Task: Write out the lines starting at the one that holds "this 880×730 image." and ending with the final line of the data, exactly and with no others.

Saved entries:
····················

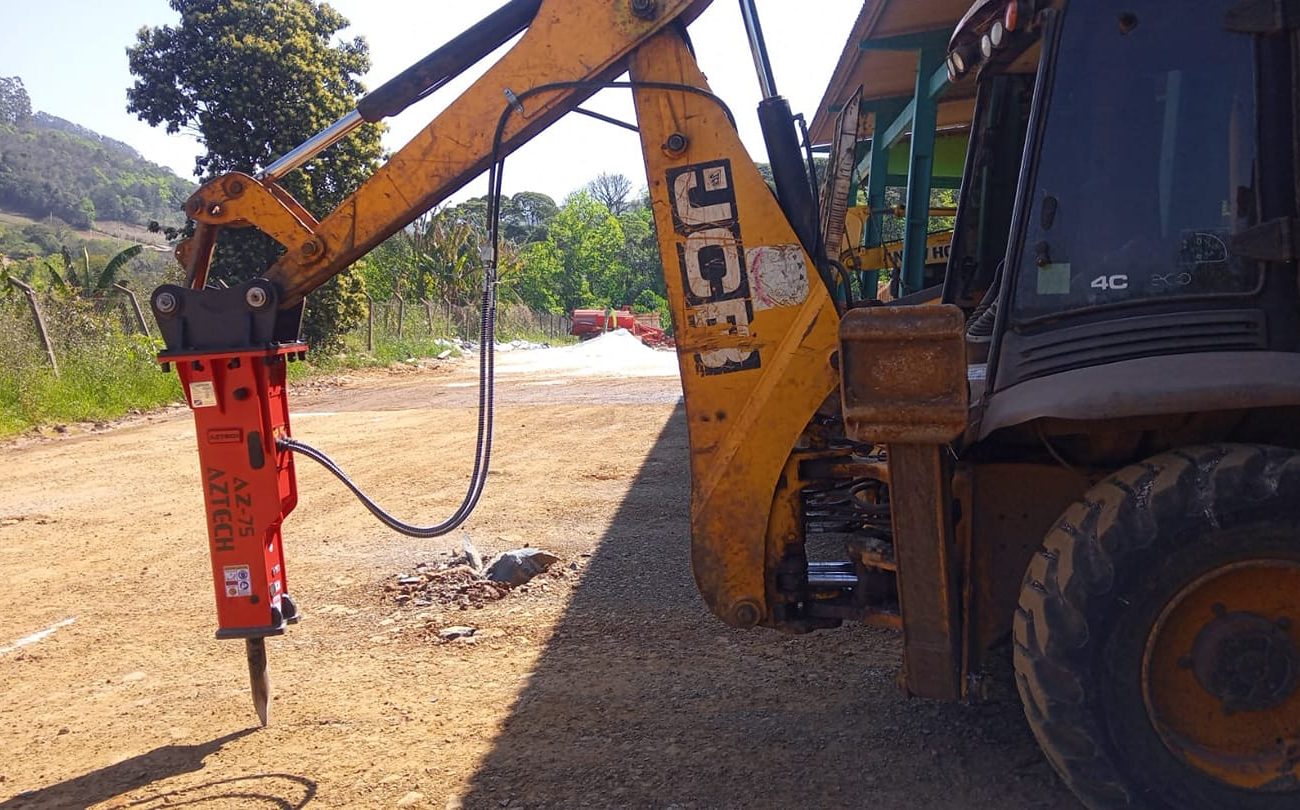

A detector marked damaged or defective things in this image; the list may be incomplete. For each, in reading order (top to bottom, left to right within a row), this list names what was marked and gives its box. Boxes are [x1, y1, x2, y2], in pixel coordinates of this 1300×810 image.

rusty metal panel [837, 304, 972, 444]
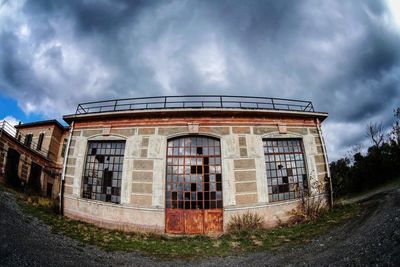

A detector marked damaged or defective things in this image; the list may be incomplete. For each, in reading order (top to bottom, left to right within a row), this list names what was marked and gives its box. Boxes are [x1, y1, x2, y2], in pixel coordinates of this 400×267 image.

rusty metal door [165, 136, 223, 234]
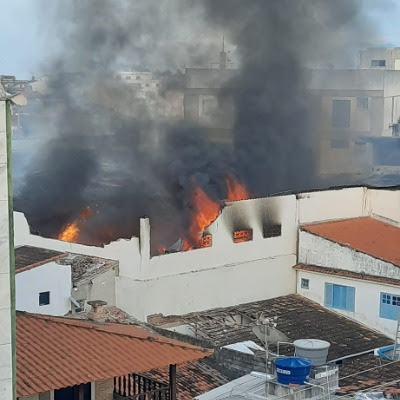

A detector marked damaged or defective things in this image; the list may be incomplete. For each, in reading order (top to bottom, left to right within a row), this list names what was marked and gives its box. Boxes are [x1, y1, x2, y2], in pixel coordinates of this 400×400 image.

damaged roof [14, 245, 67, 274]
damaged roof [302, 217, 400, 268]
damaged roof [16, 310, 212, 396]
damaged roof [148, 294, 392, 360]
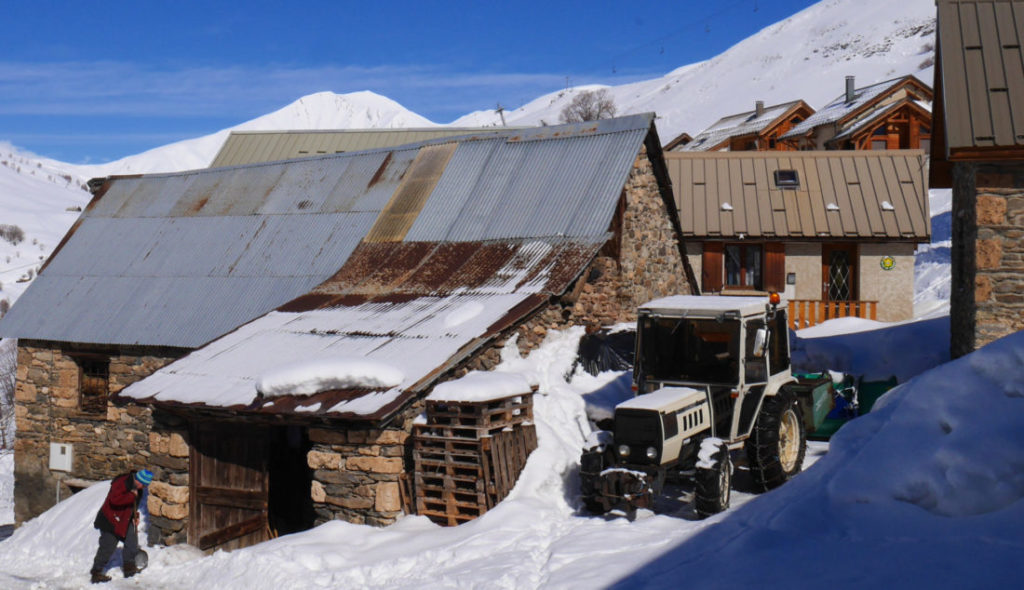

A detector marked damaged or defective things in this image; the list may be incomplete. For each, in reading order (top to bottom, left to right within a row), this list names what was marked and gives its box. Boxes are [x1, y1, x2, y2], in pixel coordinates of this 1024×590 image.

rusty roof panel [667, 150, 933, 240]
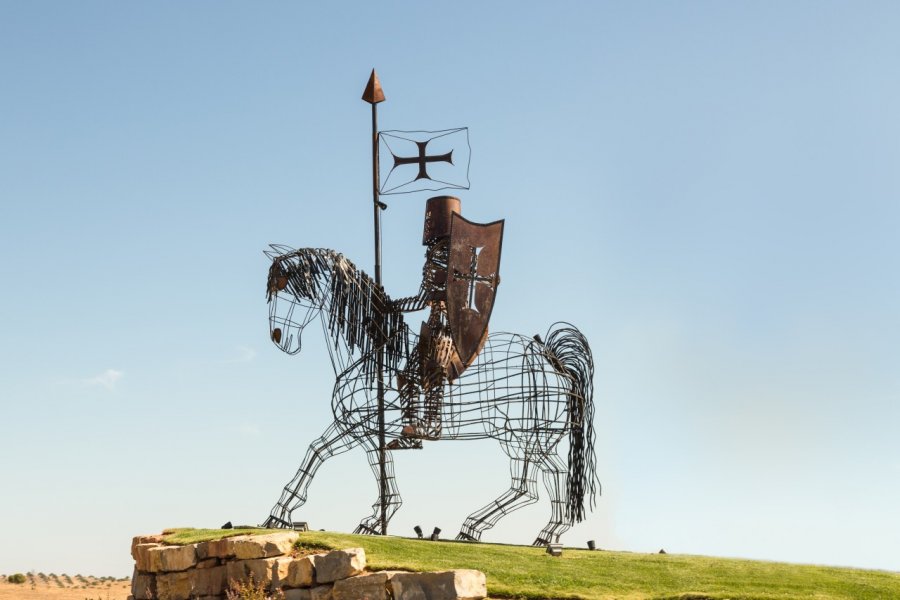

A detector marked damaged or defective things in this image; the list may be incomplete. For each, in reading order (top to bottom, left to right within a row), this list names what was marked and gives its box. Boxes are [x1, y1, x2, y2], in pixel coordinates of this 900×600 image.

rusty shield [446, 213, 502, 368]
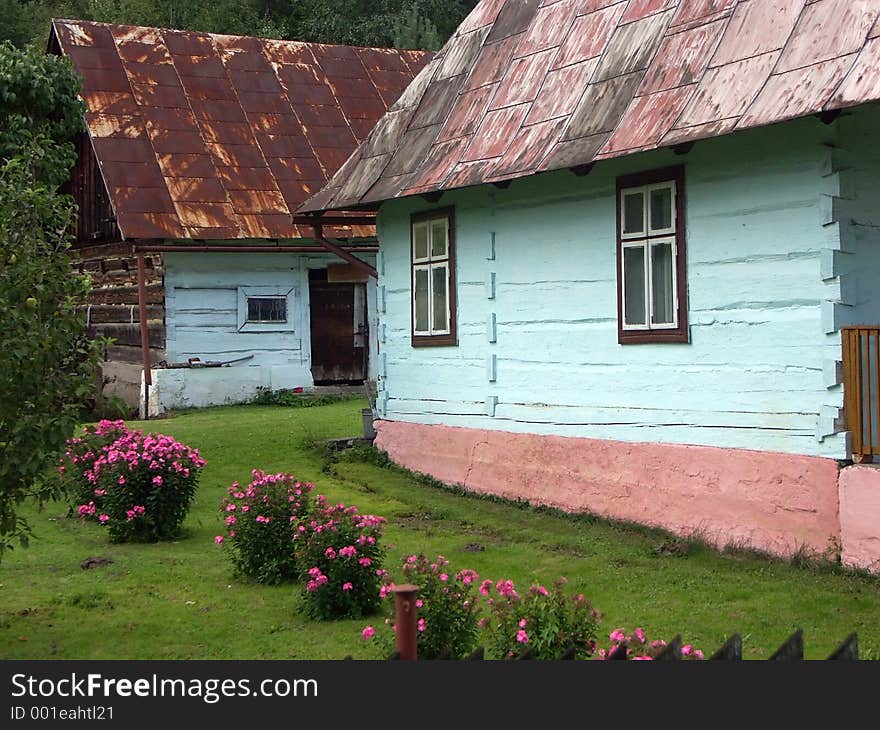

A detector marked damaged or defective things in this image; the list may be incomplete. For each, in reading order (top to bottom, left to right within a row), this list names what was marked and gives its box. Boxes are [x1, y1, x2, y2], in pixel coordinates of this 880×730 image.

rusty metal roof [50, 19, 430, 239]
rusty metal roof [300, 0, 880, 213]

····················

Answer for this exercise:
A detector marked damaged or defective things in this image; the list may be incomplete. For each, in reading order (top to bottom, left to right within a row), this list names what was marked and gives its box. Boxes are [x1, y1, x2, y2], in pixel coordinates of this 880×730 image.

rusty metal roof [50, 19, 430, 239]
rusty metal roof [300, 0, 880, 213]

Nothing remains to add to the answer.